Acton Institute on Orthodox pullout from NCC:

Antiochian Orthodox to Quit NCC
Friday, July 29. 2005

The terminal politicization of the National Council of Churches has led a major Orthodox jurisdiction to throw in the towel. The Antiochian Orthodox Church, meeting for its bi-annual convention in Dearborn, Mich., has “voted overwhelmingly” to leave the ecumenical body led by Rev. Bob Edgar, a former Democrat congressman.
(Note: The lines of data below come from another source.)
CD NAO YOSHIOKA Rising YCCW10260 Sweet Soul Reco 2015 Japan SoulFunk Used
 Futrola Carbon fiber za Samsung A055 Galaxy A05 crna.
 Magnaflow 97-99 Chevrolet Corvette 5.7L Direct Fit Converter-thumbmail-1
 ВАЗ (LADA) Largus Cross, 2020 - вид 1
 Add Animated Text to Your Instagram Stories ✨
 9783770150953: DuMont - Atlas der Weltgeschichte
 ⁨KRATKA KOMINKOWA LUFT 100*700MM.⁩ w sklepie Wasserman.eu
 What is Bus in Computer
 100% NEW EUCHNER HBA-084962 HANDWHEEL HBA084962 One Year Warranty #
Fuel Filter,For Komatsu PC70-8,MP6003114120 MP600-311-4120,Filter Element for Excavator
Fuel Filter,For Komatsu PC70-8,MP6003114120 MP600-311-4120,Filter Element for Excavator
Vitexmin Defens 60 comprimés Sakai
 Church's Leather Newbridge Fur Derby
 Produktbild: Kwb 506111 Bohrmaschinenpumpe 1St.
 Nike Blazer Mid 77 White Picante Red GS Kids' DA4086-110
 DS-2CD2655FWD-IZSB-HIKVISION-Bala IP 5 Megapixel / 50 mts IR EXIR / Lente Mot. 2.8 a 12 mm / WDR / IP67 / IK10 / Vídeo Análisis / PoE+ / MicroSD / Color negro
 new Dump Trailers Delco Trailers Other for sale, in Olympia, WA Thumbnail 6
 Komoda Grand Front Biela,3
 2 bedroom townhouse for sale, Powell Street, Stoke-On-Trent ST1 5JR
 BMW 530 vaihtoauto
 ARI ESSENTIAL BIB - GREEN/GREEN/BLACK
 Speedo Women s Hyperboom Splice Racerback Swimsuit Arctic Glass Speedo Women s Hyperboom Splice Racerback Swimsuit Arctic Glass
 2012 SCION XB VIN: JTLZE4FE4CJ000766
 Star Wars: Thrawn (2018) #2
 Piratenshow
The news has been posted on Touchstone Magazine’s Mere Comments blog, and was phoned in by a correspondent for Ancient Faith Radio who was on the scene in Dearborn.

Metropolitan Philip Saliba, hierarch of the church, has reportedly decided that any further relationship with the U.S. ecumenical body would be “fruitless.”

The Antiochians aren’t the only Orthodox jurisdiction that has acknowledged the NCC’s increasingly leftward tilt. At their own just-concluded conference in Toronto, the Orthodox Church in America also discussed the usefulness of the NCC but has not yet cut its ties. The statement that the OCA issued concerning its discussion of ecumenical relations was a collage of bureaucratic platitudes, mostly expressed in the passive voice, and no doubt indicative that the forces of the status quo were not giving up without a fight. When you read phrases such as “concerns .. were expressed” and “it was noted” and “requires careful consideration and discernment” then you can bet that someone’s digging in the heels.

But the clear-sighted action that His Eminence Philip and the Antiochians are taking is a courageous move. Let’s hope more Orthodox follow, and separate their churches from the partisan activism and — let’s face it — Bush baiting that the NCC is known for.

For an excellent resource on the ecumenical disaster that is the National Council of Churches see OrthodoxyToday.org’s NCC Resource Page.

Ancient Faith Radio is also planning to air an interview about the Antiochian pullout and its consequences with the Very Rev. Olof Scott, the newly-elected chairman of the Department of Interfaith Relationships, on Sunday, July 31, at 5 PM EDT.